Tuesday, January 23, 2007

Jennifer Garrison Introduces School Funding Bill

WKSU ran a story tonight on "Your Way Home" that State Rep. Jennifer Garrison (D-Marietta) has introduced a school funding bill. It doesn't purport to reform school funding. Instead, according to the story, it would provide funds to all school districts for all-day kindergarten and would increase parity aid to property-poor districts. As of tonight, the podcast on 'KSU is all I can find on the matter.

Interestingly, this occurs the same day the Marietta School Board announced it would put two levies on the ballot in part to offer all-day kindergarten.

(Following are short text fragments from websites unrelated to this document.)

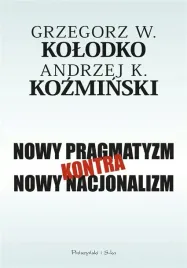 nowy-pragmatyzm-kontra-nowy-nacjonalizm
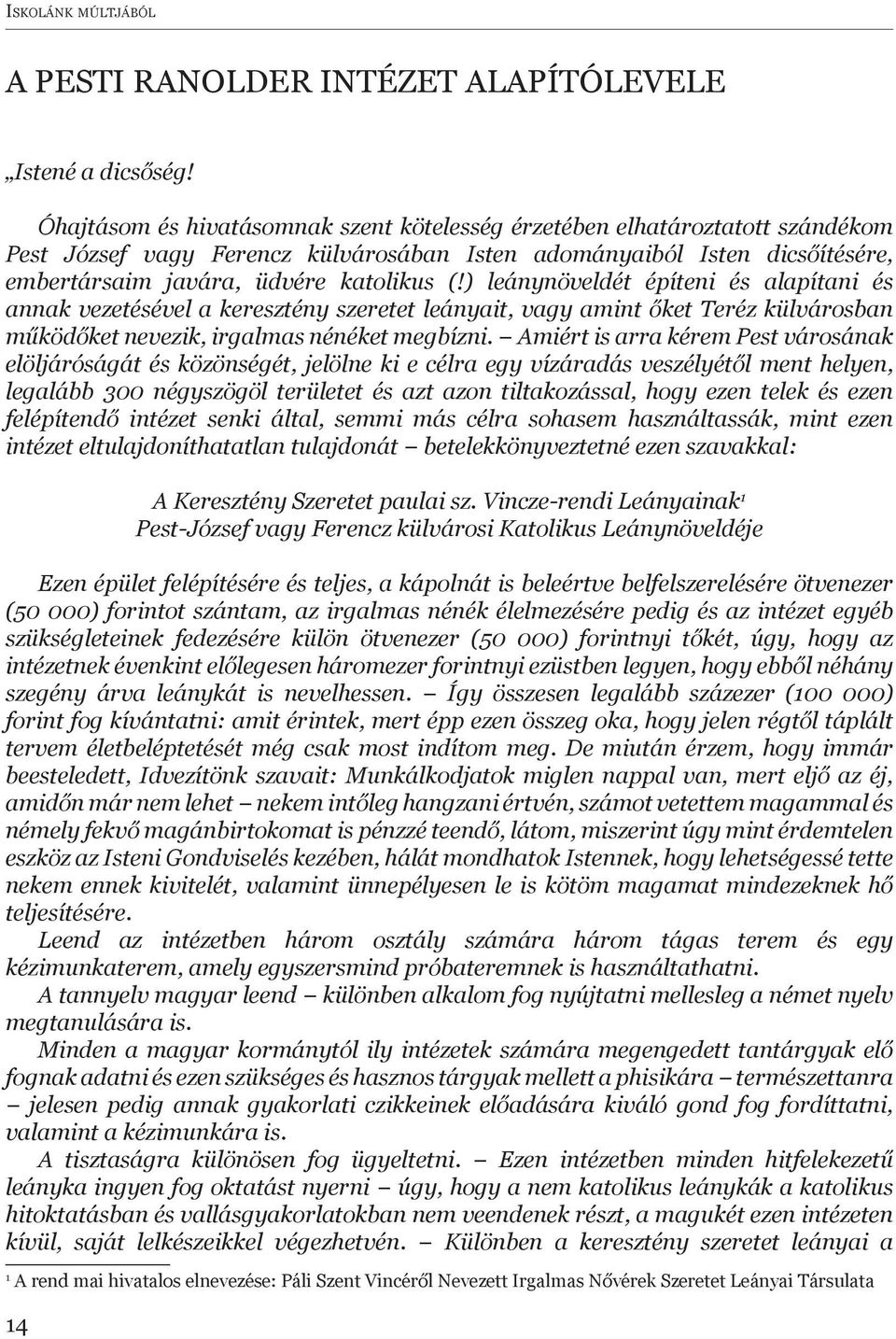 ) leánynöveldét építeni és alapítani és annak vezetésével a keresztény szeretet leányait, vagy amint őket Teréz külvárosban működőket nevezik, irgalmas nénéket megbízni.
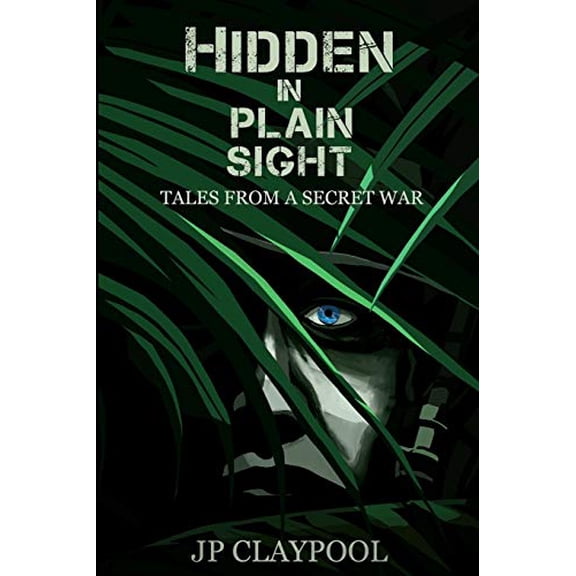 Pre-Owned Hidden In Plain Sight: Tales From A Secret War: 1 Paperback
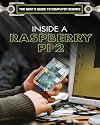 Inside a Raspberry Pi 2: A Practical Guide to the Revolutionary Small Computer (Geek's Guide to Computer Science)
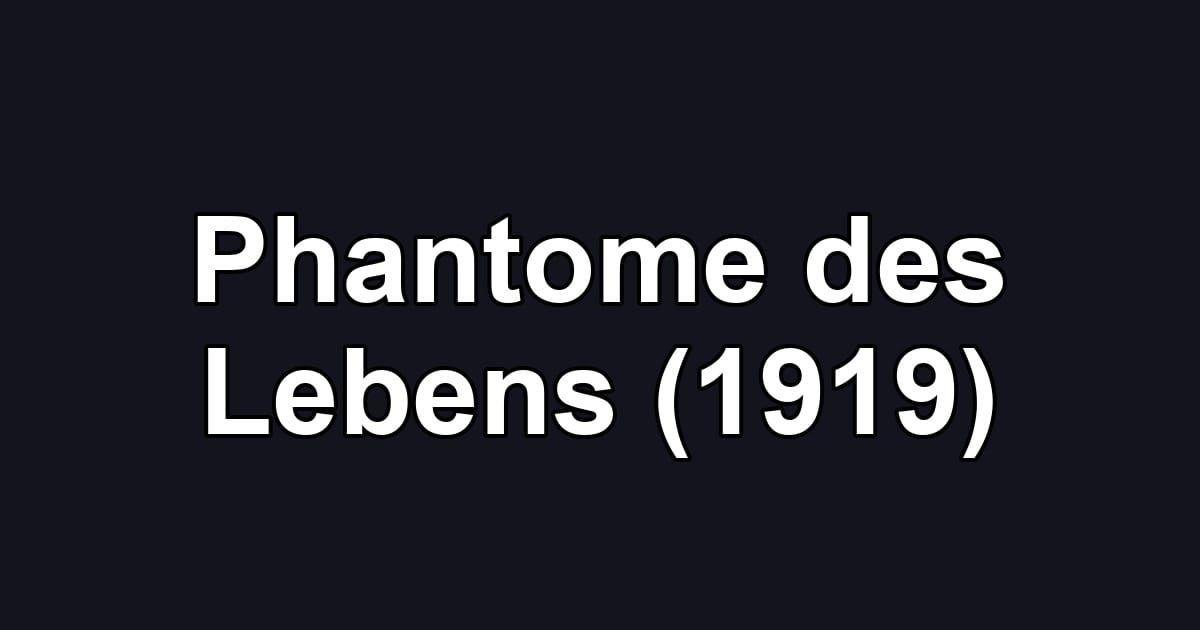Phantome des Lebens (1919)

The 'KSU story notes that beyond Marietta, Garrison's district includes many of the poorest rural districts in the state.

This has been percolating for a while. On the surface, it seems like a decent start. Certainly, all-day K is one reform with wide support from all sides of the education debate. Until I see the details, I will refrain from calling it devil-free. The problem is that many districts with large populations of economically disadvantaged kids already provide with Povert-Based Assistance money. Akron and the rest of the "Big 8" are among them. If Garrison's plan results in comensurate cut to PBA, it's at best a wash for urban districts. I haven't seen the numbers, but have been told that some urbans could actually see net cuts because of some wrinkles in the school funding formula.

Meanwhile, the parity aid idea does nothing for urbans. At least not now. Given time and the current downward trajectory of Akron property values, who knows. But parity aid goes to property-poor districts. I has helped, though two budget cycles the GA began inexplicably giving a slice of it to charter schools (inexplicable in that charters don't receive property tax money and therefore are not affected by differing property values.)

Garrison's bill is just the beginning. Sens. Kirk Schuring (R-Canton) and Tim Grendell (R-Chesterland) have each made noises about proposing funding formula reforms. Ted's budget comes out in March, as I noted before. And if past experience is a guide, the proposed amendments will spur counterproposals in the legislature.